Tuesday, February 17, 2009

A Few of the People in a Medium Sized City, One of Whom is a Painter, and Certain Sundry Comments on Sorts of Avocations

He knew that they could hear most everything that he said. Or he suspected they could. As a result, he hardly said anything. He was terrified that others might think thoughts about him that were similar to those he had about them. At times this became almost too much to bear. So he avoided others.

In an apartment three buildings away, a woman sits with her head clasped in her hands. This position, intended so often to signal despair or distress, is not intended to signify anything here. At present, presumably, this is the most comfortable position this woman is able to find for herself.

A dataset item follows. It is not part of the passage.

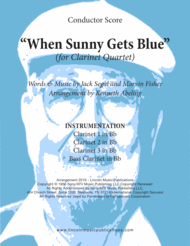 When Sunny Gets Blue (for Clarinet Quartet) Sheet Music by Jack Segal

Beneath her, in an apartment identical in nearly all aspects, lives a family. At present, all members of the family are working, so no activity can be noted within this place.

All of these people – a man, a woman and a family – live in a medium sized city. One of them has pretensions of being a painter, though none of them will ever be known outside of the medium sized place where they all currently reside. Were the painter aware of this fact, he would probably forsake painting. It, like the avocations of all of these people, was an affectation and would naturally decay were one to point out the futility of it. Unlike the avocations of all the others, however, painting generated a great deal more scorn amongst the citizens of this medium sized city, for painting, unlike, say, fishing, is often regarded as the product of an exaggerated sense of self, which is a sense that most people resent, naturally enough.

Before concluding here, it should be mentioned that the man mentioned initially, the man who knew (or suspected) that others heard him, was not the painter. Neither was it the woman who clasped her head in her hands (as the pronoun in the prior paragraph no doubt betrays). Thus it was a member of the family – a male member of the family, who painted, though this fact can hardly be of any importance.